Once the line holding "Slide: The Image of 2024" is found in the entries below, transcribe exactly every line up to and including the one holding "Three students bowling", but leave out the pictures.

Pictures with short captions
★ ★ ★ ★
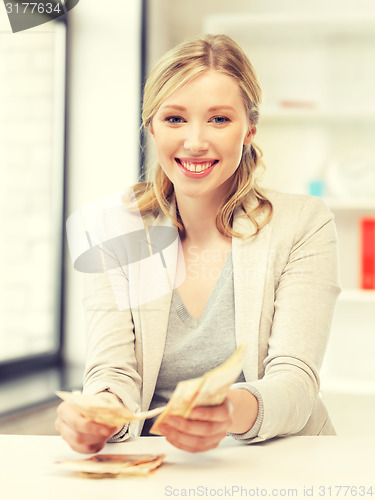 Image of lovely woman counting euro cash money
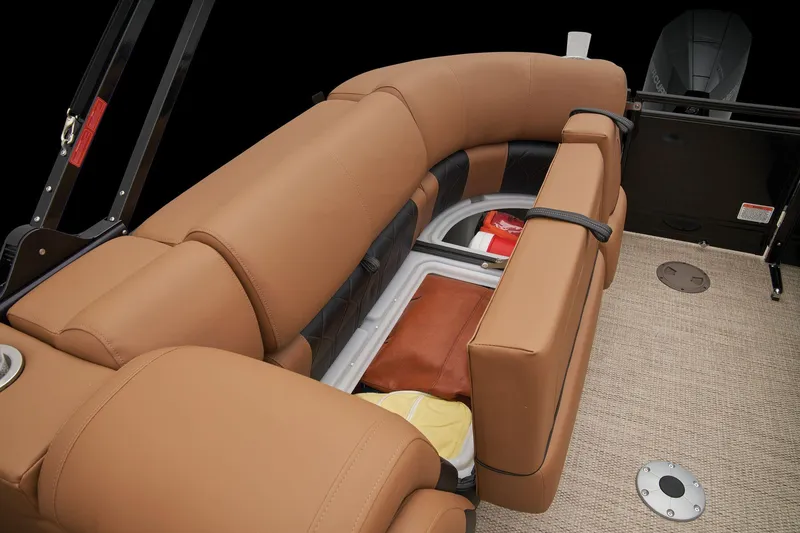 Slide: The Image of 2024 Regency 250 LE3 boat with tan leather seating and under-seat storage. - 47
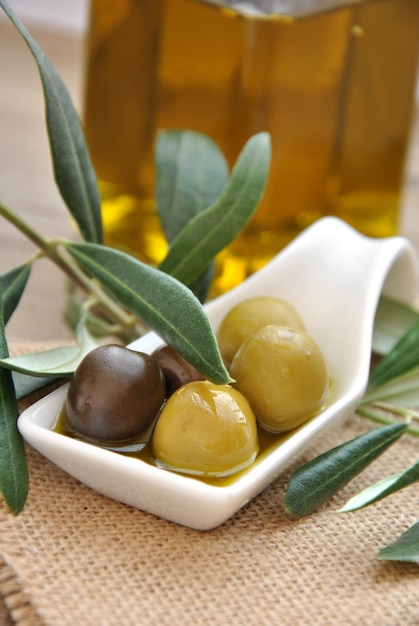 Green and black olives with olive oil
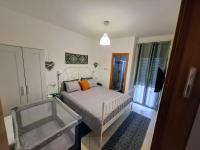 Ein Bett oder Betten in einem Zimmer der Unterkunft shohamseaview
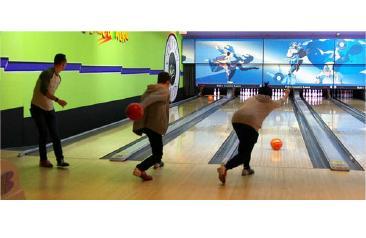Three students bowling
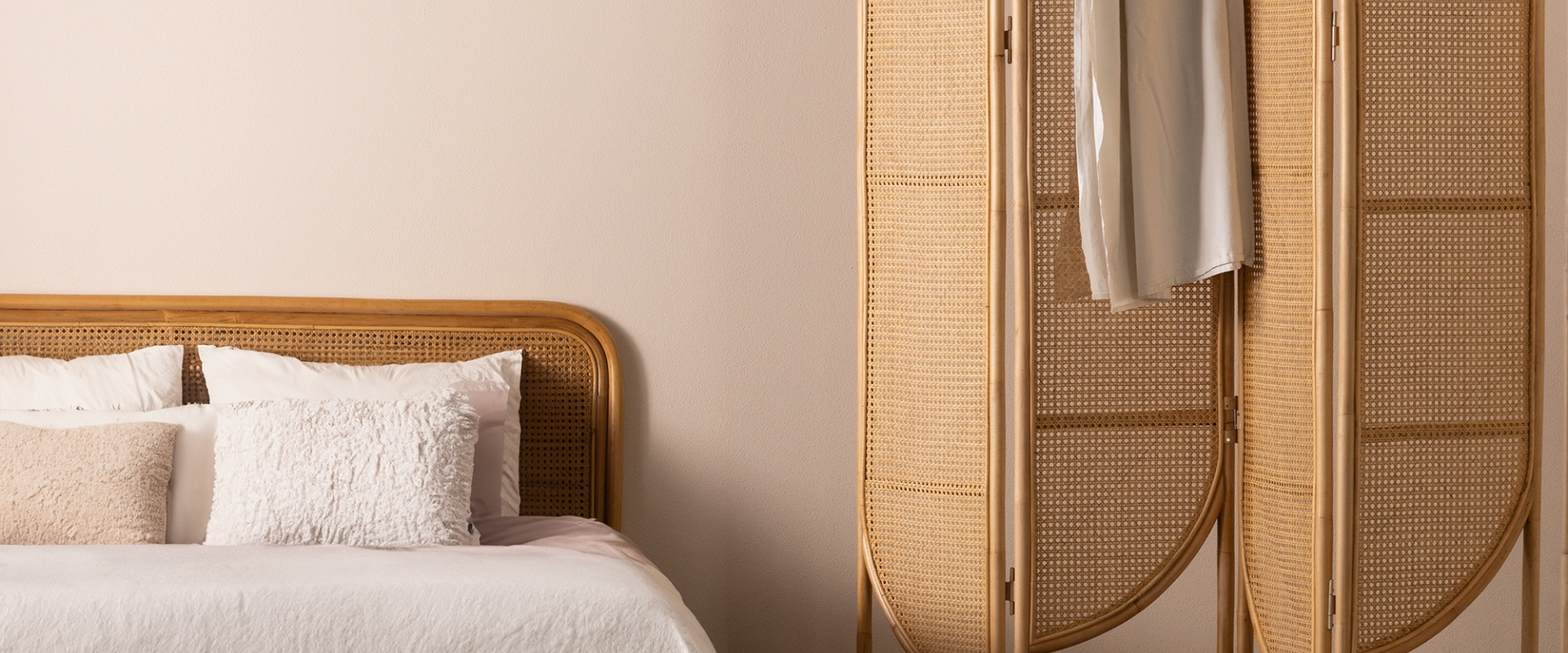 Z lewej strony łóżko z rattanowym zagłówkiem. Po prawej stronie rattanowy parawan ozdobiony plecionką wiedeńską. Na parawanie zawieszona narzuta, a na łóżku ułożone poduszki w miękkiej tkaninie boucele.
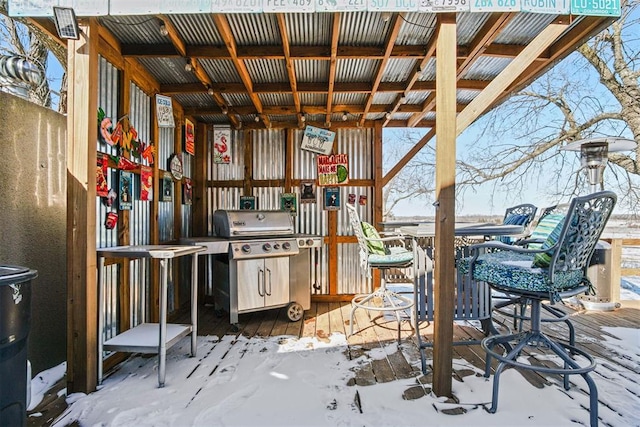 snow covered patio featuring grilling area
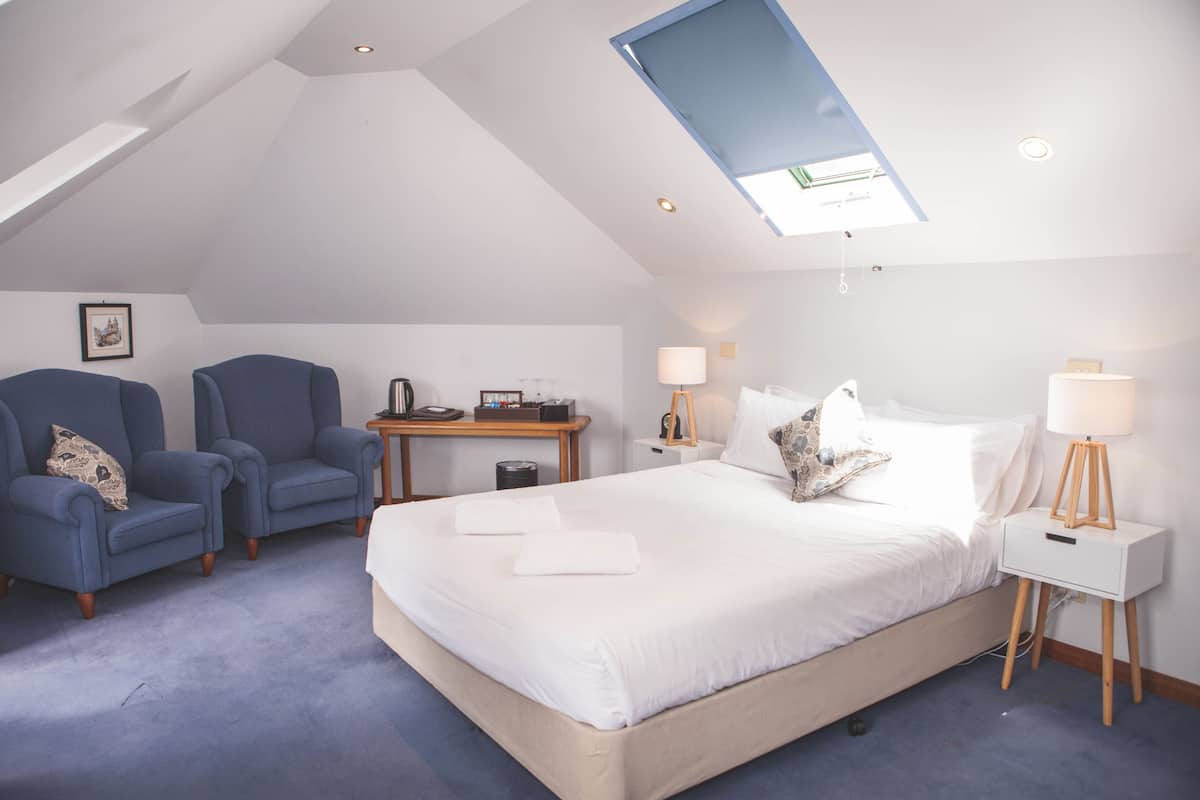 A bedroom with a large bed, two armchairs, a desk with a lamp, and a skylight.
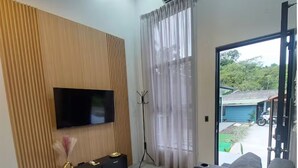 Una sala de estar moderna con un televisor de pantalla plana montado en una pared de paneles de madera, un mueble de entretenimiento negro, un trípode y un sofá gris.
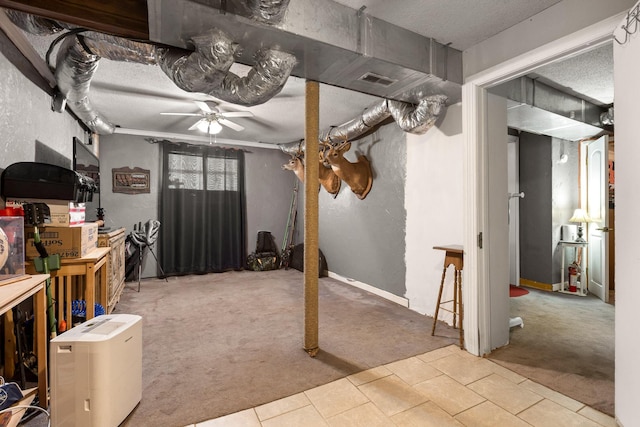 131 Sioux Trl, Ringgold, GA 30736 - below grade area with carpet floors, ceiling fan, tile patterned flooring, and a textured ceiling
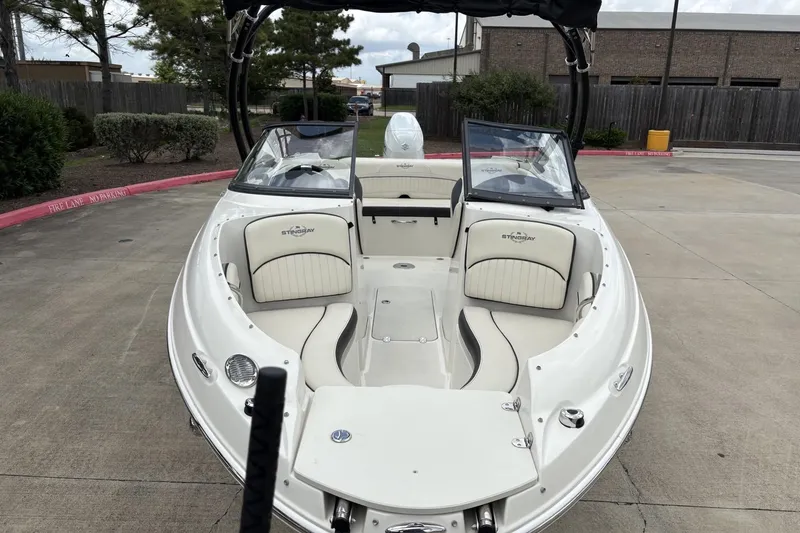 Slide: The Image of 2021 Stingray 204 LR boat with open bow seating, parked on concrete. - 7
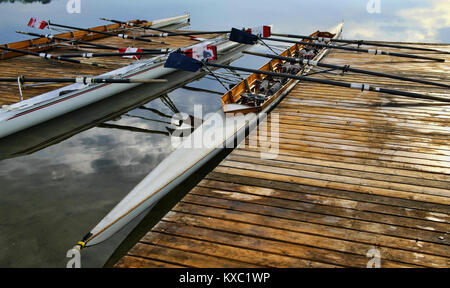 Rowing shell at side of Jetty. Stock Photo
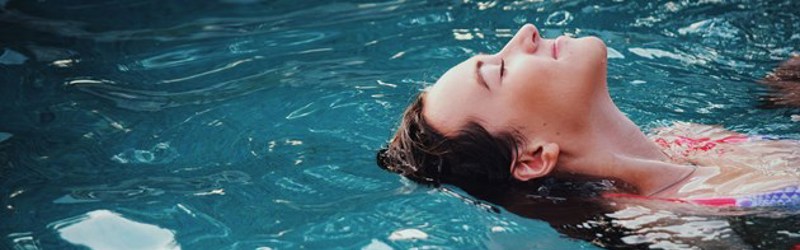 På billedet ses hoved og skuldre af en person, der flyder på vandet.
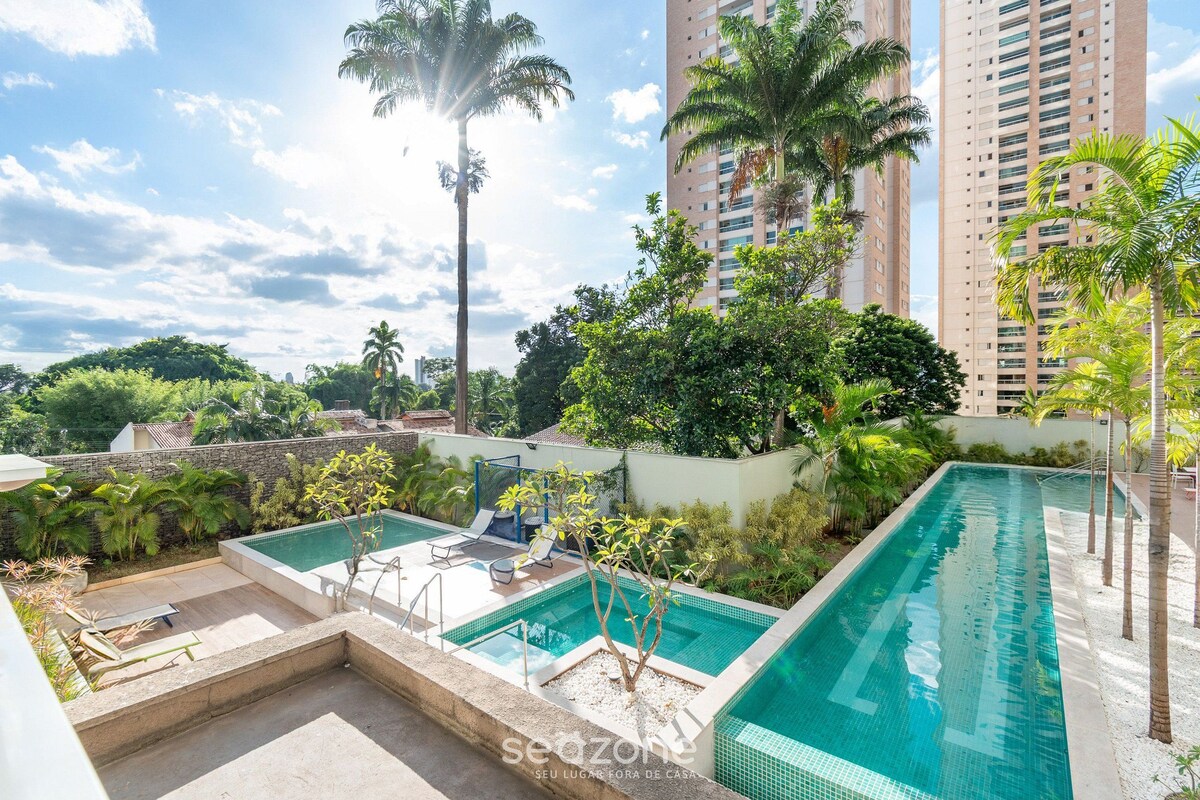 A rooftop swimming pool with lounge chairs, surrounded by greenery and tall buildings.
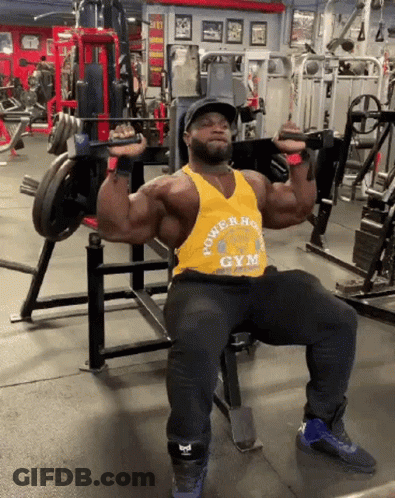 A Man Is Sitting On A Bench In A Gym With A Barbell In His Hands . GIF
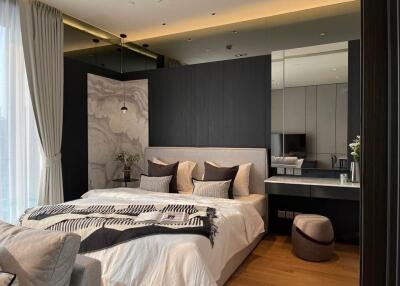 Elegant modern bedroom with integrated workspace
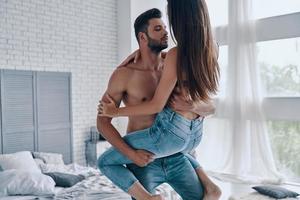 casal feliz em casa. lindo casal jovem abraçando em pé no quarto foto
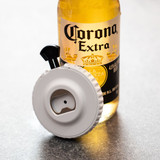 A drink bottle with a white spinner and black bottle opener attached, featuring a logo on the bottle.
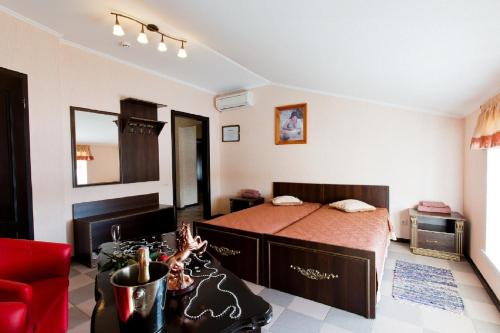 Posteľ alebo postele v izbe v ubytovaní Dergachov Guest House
★ ★ ★ ★
» **SOLUTION TO THE EXERCISE**:
 Slide: The Image of 2024 Regency 250 LE3 boat with tan leather seating and under-seat storage. - 47
 Green and black olives with olive oil
 Ein Bett oder Betten in einem Zimmer der Unterkunft shohamseaview
Three students bowling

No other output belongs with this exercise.